Ainda assim, tem muito prazer em dizer á camara, para que ella possa julgar dos actos do governo, que antes de se publicar o relatorio que precede os decretos de 15 de dezembro, procurou, por intervenção do actual sr. ministro da marinha, ver se era possivel reabrir-se a camara dos senhores deputados, com a certeza de que, muito embora a opposição discutisse pela fórma a mais intransigente e violenta os actos do governo, não se repetissem mais nenhuns factos que impedissem o bom andamento das sessões parlamentares.

Mas nada pôde conseguir.

Que restava, pois, fazer ao governo, dopois da approvação tacita do paiz ao seu programma de reformas politicas, especialmente de reformas parlamentares? Decretar uma nova lei eleitoral, decretar a reforma da camara dos dignos pares.

Antes de entrar na apreciação desta ultima reforma, e para isso pediu a palavra, entende que lhe corre a obrigação de dizer quaes eram, na opinão do governo, as origens do desprestigio e enfraquecimento da camara dos senhores deputados.
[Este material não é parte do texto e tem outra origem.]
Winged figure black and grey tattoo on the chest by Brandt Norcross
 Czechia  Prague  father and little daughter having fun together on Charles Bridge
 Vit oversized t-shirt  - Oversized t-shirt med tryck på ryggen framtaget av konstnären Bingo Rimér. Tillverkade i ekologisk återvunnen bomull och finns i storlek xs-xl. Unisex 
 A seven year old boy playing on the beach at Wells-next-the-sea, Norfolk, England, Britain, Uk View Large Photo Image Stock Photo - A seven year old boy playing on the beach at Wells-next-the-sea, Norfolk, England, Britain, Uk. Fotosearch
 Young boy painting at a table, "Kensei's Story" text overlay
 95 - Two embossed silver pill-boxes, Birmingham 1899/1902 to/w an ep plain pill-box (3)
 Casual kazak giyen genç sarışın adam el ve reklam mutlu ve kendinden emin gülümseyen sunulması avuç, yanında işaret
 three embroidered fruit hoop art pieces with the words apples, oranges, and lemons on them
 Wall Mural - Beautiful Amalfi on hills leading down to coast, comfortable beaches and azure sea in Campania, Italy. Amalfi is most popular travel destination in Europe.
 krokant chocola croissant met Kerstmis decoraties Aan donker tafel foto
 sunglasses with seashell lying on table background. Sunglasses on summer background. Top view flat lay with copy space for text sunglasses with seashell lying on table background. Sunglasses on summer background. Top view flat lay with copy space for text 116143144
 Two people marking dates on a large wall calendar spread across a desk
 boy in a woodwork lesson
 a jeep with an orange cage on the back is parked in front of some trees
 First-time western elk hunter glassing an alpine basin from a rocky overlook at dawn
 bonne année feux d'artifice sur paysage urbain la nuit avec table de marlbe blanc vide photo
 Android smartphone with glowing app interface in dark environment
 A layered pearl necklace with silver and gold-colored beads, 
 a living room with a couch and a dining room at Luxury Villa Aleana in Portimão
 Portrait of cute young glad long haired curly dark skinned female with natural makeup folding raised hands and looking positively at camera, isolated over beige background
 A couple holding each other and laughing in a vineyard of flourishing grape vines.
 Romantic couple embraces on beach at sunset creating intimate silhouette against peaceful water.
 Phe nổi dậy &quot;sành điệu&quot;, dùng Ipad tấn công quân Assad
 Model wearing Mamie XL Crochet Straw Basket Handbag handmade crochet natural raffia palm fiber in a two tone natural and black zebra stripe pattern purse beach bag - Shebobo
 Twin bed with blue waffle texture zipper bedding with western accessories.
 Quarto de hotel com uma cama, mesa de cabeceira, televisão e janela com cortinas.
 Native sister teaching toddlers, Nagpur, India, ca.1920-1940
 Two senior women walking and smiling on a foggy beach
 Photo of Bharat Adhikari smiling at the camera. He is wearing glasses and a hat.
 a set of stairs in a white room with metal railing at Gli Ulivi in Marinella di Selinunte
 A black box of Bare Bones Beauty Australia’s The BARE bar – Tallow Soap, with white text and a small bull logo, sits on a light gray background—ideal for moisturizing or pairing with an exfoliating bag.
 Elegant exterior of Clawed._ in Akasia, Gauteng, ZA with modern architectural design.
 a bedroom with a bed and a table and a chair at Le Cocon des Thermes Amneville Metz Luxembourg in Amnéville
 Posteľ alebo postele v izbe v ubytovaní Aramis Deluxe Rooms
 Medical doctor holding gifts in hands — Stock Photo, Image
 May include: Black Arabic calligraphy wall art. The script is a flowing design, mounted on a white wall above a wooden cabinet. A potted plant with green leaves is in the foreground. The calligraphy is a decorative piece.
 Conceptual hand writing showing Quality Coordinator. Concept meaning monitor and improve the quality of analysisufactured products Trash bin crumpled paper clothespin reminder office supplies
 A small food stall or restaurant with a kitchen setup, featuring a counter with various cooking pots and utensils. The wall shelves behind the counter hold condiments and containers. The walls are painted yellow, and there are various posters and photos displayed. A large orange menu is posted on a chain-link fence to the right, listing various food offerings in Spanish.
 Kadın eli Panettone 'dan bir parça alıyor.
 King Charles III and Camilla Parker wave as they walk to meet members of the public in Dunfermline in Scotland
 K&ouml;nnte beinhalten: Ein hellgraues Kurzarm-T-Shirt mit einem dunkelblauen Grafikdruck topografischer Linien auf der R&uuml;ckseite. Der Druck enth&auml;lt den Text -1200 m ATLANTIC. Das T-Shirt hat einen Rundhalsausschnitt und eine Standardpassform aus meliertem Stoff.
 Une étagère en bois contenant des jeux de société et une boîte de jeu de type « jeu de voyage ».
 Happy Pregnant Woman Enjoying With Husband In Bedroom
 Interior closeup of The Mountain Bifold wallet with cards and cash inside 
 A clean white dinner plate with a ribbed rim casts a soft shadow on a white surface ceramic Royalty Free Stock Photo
Aqui o orador mostrou as origens da decadencia do parlamentarismo, quanto á camara dos deputados. Alem das causas remotas a que já se referira, e de que a principal era a falta de eleitor, concorrera muito para a decadencia dessa camara a lei de 1878 com o alargamento do suffragio, e com a organisação das suas commissões de recenseamento, que davam origem a factos como este. No Porto, com uma população de 130:000 almas, appareciam n’um recenseamento 1:000 eleitores como chefes de familia e 82 sabendo ler e escrever. No circulo de Felgueiras, circulo rural, 5:000 eleitores como chefes de familia e 5:000 sabendo ler e escrever.